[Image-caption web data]
=====

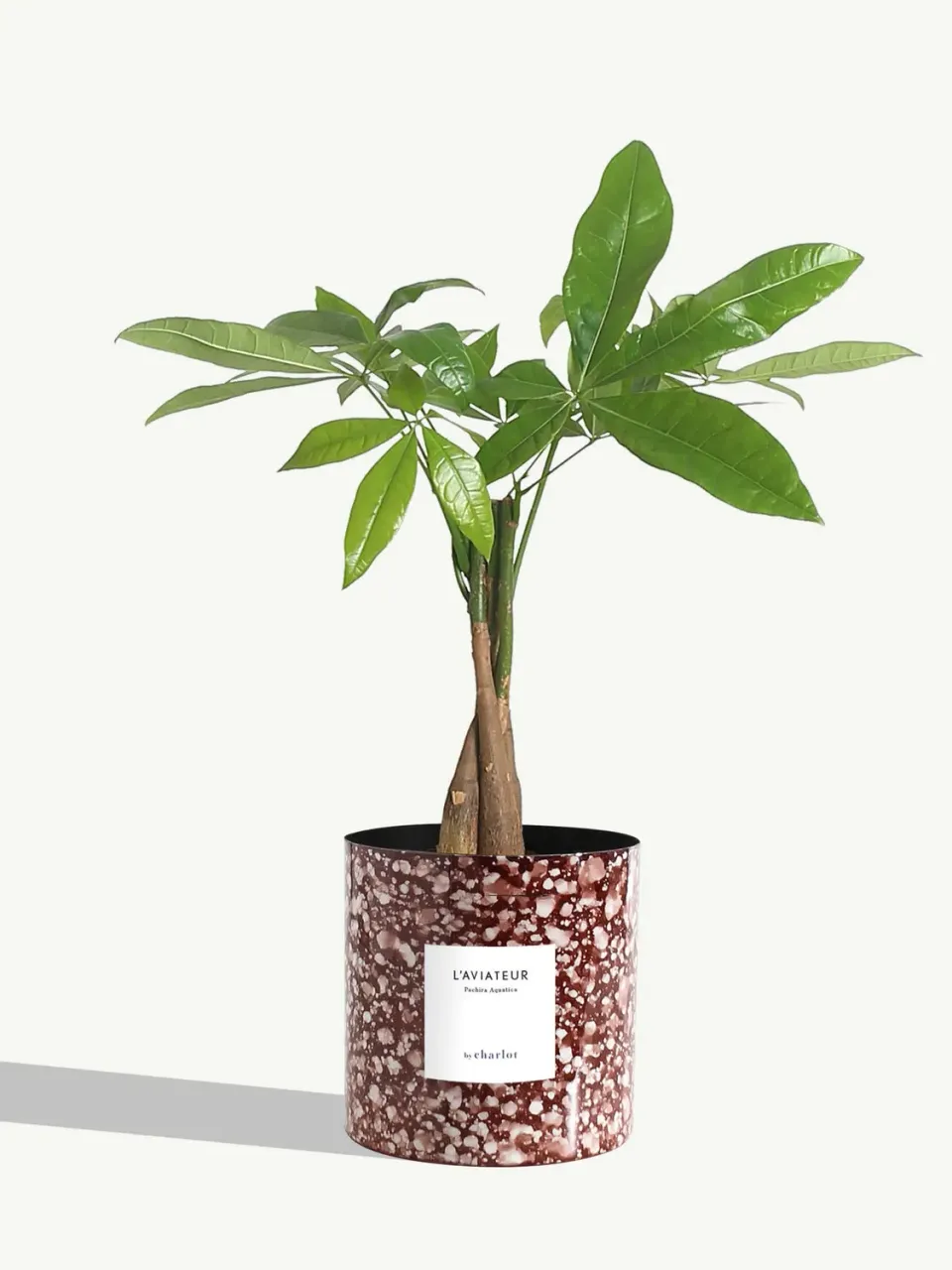 By Charlot L'Aviateur plante anthurium clarinervium 14 cm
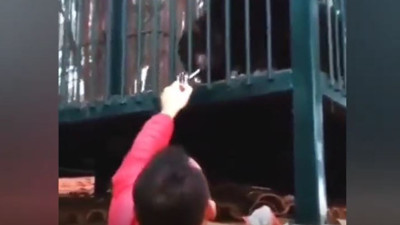 Ziyaretçilerin sigaraya alıştırdığı maymun gizli bir yere nakledilerek insanlarla teması kesildi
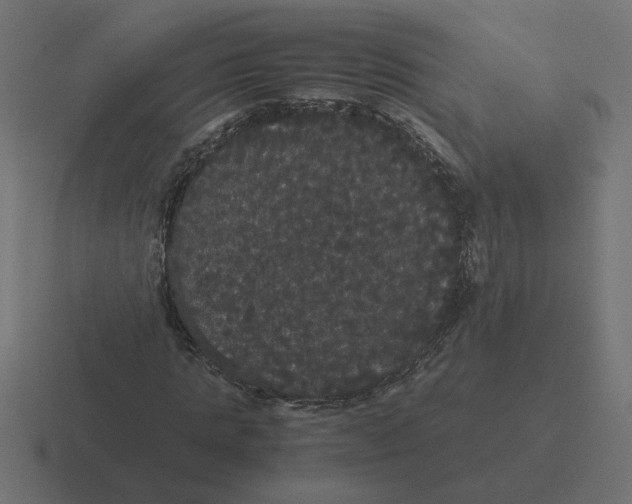 X0000116440821200912291926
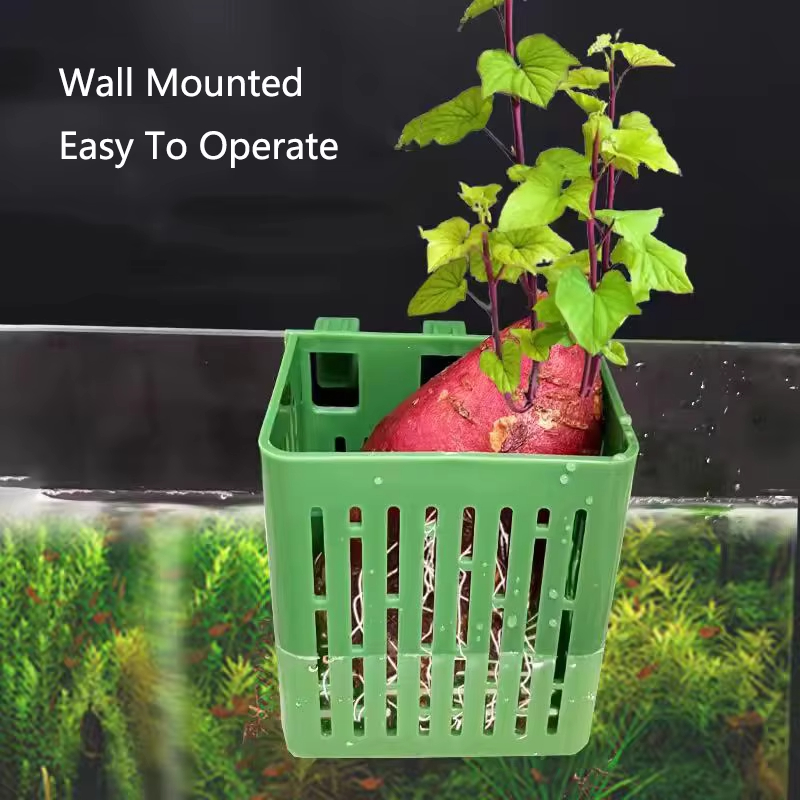 Fish Tank Water Grass Cup Aqua - Aquarium Plant Rings ulasan dan harga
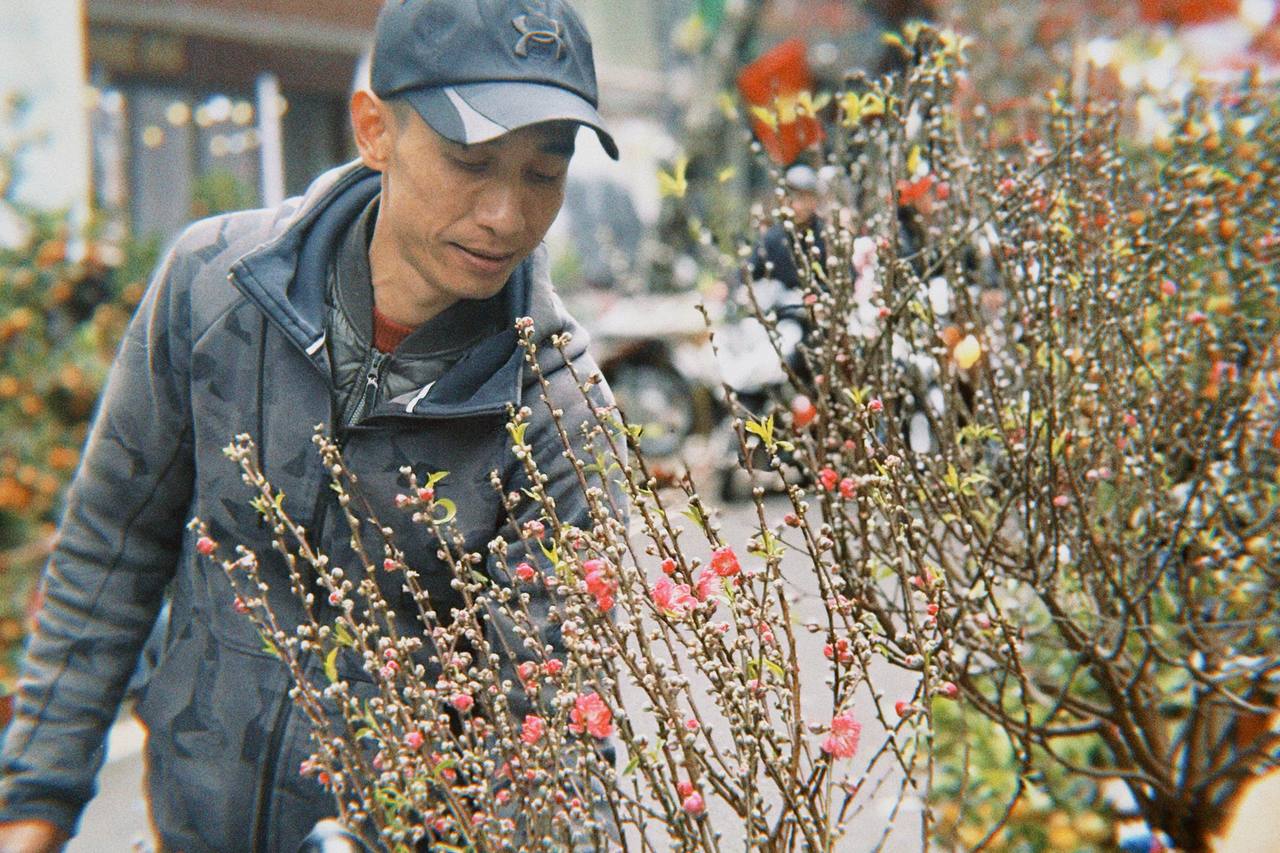 Biến động chợ hoa cổ nhất Hà Nội: Quất chum, quất mini 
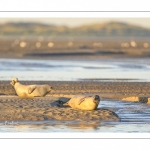 veau marin (Phoca vitulina) sur les bans de sable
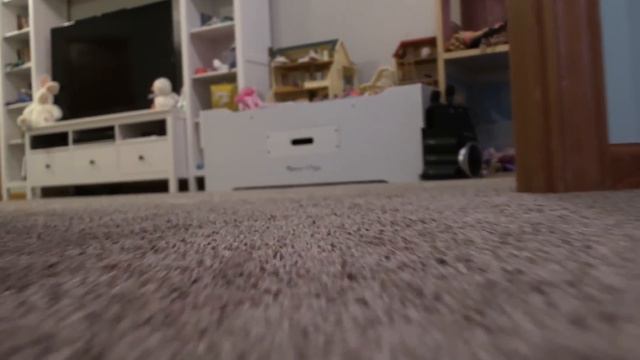 ALONG CAME A SPIDER. (CREEPY) смотреть онлайн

=====

◆ What is being asked: There should be an exact restatement of the lines from the line with "Fish Tank Water" through the last line of the entries above, and no pictures in it.

◆ Task result:
 Fish Tank Water Grass Cup Aqua - Aquarium Plant Rings ulasan dan harga
 Biến động chợ hoa cổ nhất Hà Nội: Quất chum, quất mini 
 veau marin (Phoca vitulina) sur les bans de sable
 ALONG CAME A SPIDER. (CREEPY) смотреть онлайн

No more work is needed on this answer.